Die Kulturwissenschaftlerin Anja Schwarz, Mitglied und designierte Sprecherin des Kollegs, erklärt: „Mich interessiert das Thema ‚Repair‘, weil es einen alternativen Zugang zum gegenwärtigen Krisenzustand westlicher Moderne eröffnet. Während diese Moderne auf Fortschritt und Innovation fokussiert ist, blendet sie häufig die damit verbundenen Geschichten von Gewalt, Ausbeutung und ökologischer Zerstörung aus – und erweist sich als unzureichend, um mit zerstörerischen Mensch-Umwelt-Beziehungen umzugehen.“
Ziel ist es, Stellen für Nachwuchswissenschaftler*innen an der Universität Potsdam zu schaffen und sich gemeinsam mit Beschädigungen, Brüchen und Verlusten auseinanderzusetzen und darin Anknüpfungspunkte für eine bessere Zukunft zu finden.Schwarz ergänzt: „Repair steht für mich damit auch für die Frage: Wie können wir in einer beschädigten Welt leben – nicht trotz, sondern mit den Rissen?“ und betont damit die gesellschaftspolitische Relevanz des Vorhabens.

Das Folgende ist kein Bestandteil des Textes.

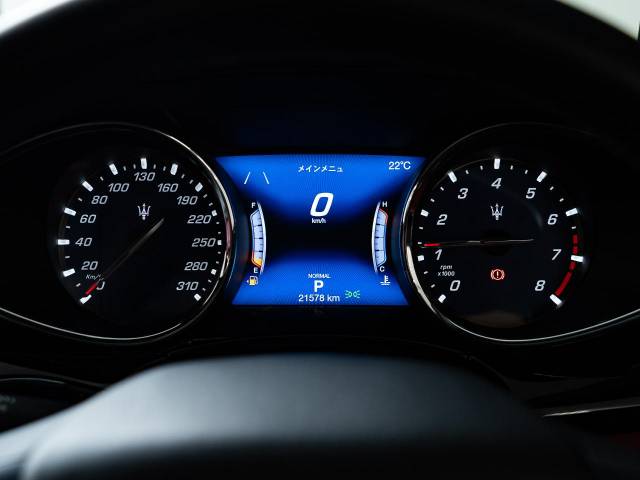 マセラティ クアトロポルテ Ｓ グランスポーツ 2.2万Km 749.9万円(愛知県)[943]の中古車詳細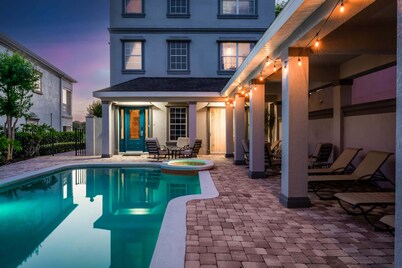 3-story villa w/ pool, game room & theater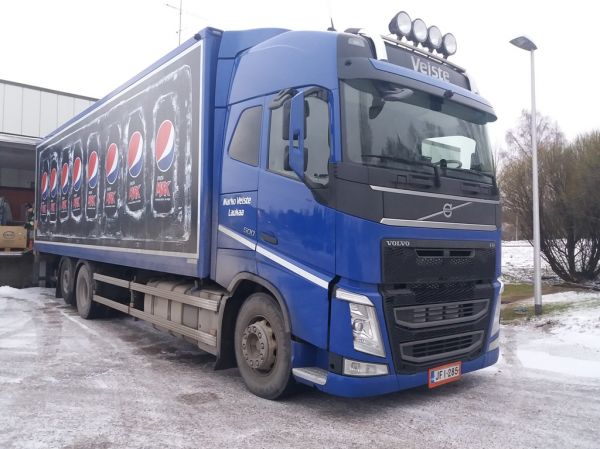 M Veisten Volvo FH500
M Veisten Volvo FH500 jakeluauto.
Avainsanat: Veiste Volvo FH500 Pepsimax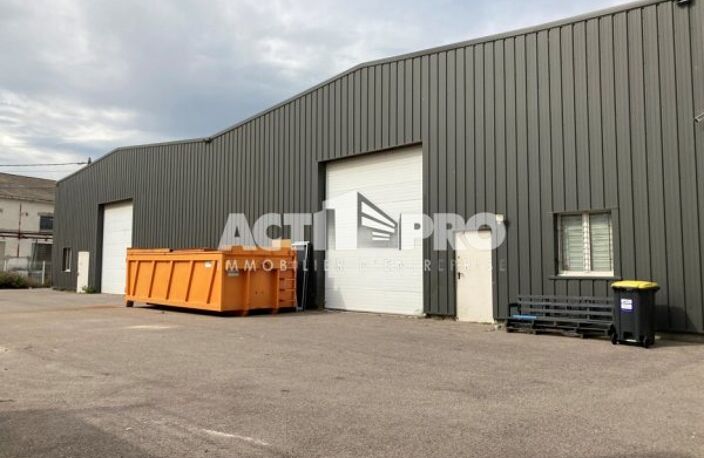 Entrepot à louer — photo 3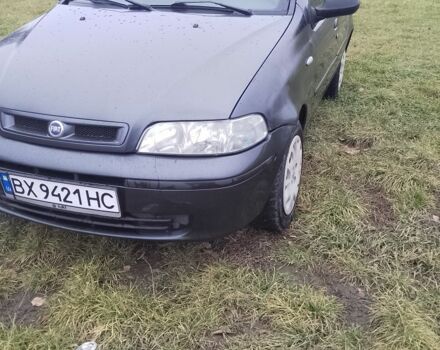 Черный Фиат Альбеа, объемом двигателя 1.2 л и пробегом 189 тыс. км за 2650 $, фото 1 на Automoto.ua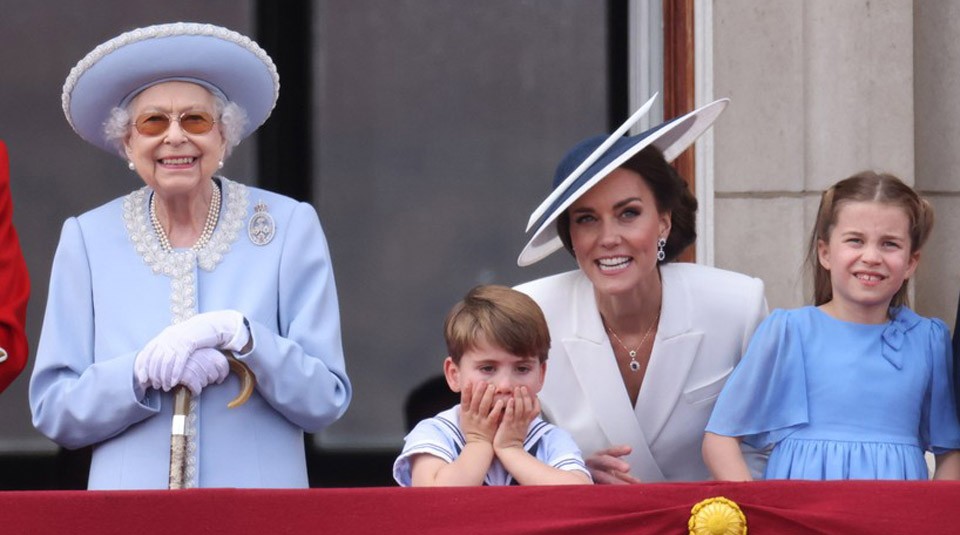  Katonai díszszemlét annyira még senki se unt, mint Lajos herceg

In dem aktuell polarisierenden Klima müssen Forschende nach Wegen suchen, die Postcolonial Studies resilienter zu machen. Das Potsdam Postcolonial Studies Collective versucht, dies mit der Etablierung von Kollektivstrukturen, neuen Maßnahmen in der Wissenschaftskommunikation, dem Austausch innerhalb und außerhalb der Universität sowie der selbstbewussten Setzung eigener Forschungsthemen zu erreichen. Gerade der Schwerpunkt auf ‚Repair‘ geht über die Idee der Resilienz, also das Weitermachen nach einer Krise, hinaus: Die beteiligten Forschenden fragen an dieser Stelle nach der historischen Verantwortung für heutige Krisen und verschiedenen Möglichkeiten für systemische Veränderung. Welche Strukturen sollten erhalten werden und welche vielleicht auch nicht?